Pembangunan infrastruktur yang terus di genjot, iming-iming kesejahteraan rakyat dengan membuka lapangan kerja yang banyak, nyatanya belum terbayangkan. Tetapi yang ada mengutamakan investor asing daripada melayani rakyat.
Lantas, benarkah keberadaan investor dapat memberikan warna baru bagi Kertajati? Ataukah semakin menyulitkan rakyat dalam memenuhi kebutuhan dasarnya?
Tak Tentu Arah
Investasi memang menjadi andalan negeri ini dalam membangun infrastruktur yang seolah dapat mempercepat selesainya pembangunan, ternyata tak sesuai target.
Mengapa? Karena kemungkinan besar ada yang ingin di capai oleh investor terlebih dahulu, yaitu keuntungan materi dengan cara bekerja sama.
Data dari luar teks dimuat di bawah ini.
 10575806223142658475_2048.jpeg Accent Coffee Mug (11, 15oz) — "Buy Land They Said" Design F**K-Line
Artinya, tidak ada ‘makan siang gratis’ dalam perkara tersebut.
Ya, narasi investasi untuk membuka lapangan pekerjaan menjadi mantra dalam sistem saat ini yang melahirkan aturan buatan manusia demi mengejar hawa nafsu, yaitu kekayaan materil. Posisi rakyat hanyalah menjadi penonton, bahkan bisa menjadi korban dari kerakusan penguasa dan investor (pengusaha).
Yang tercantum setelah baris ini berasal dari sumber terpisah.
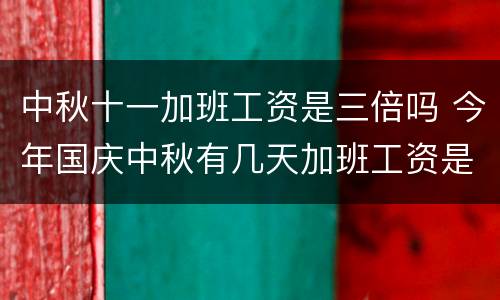 中秋十一加班工资是三倍吗 今年国庆中秋有几天加班工资是三倍的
Rakyat tak perlu takut dengan investasi karena keuntungan yang di dapat akan nampak jelas. Inilah slogan pamungkas pemerintah untuk meraih hati rakyat, demi memuaskan investor. Tentu ini menjadikan tujuan pembangunan bukan demi rakyat, tetapi demi kepentingan investor.
Menurut pakar ekonomi Dr. Arim Nasim, SE.,M.Si.,Ak.,CA, investasi di jadikan cara pengusaha dalam sistem demokasi untuk meraup keuntungan yang luar biasa dan di dapat dari pengelolaan sumber daya alam yang sejatinya untuk rakyat.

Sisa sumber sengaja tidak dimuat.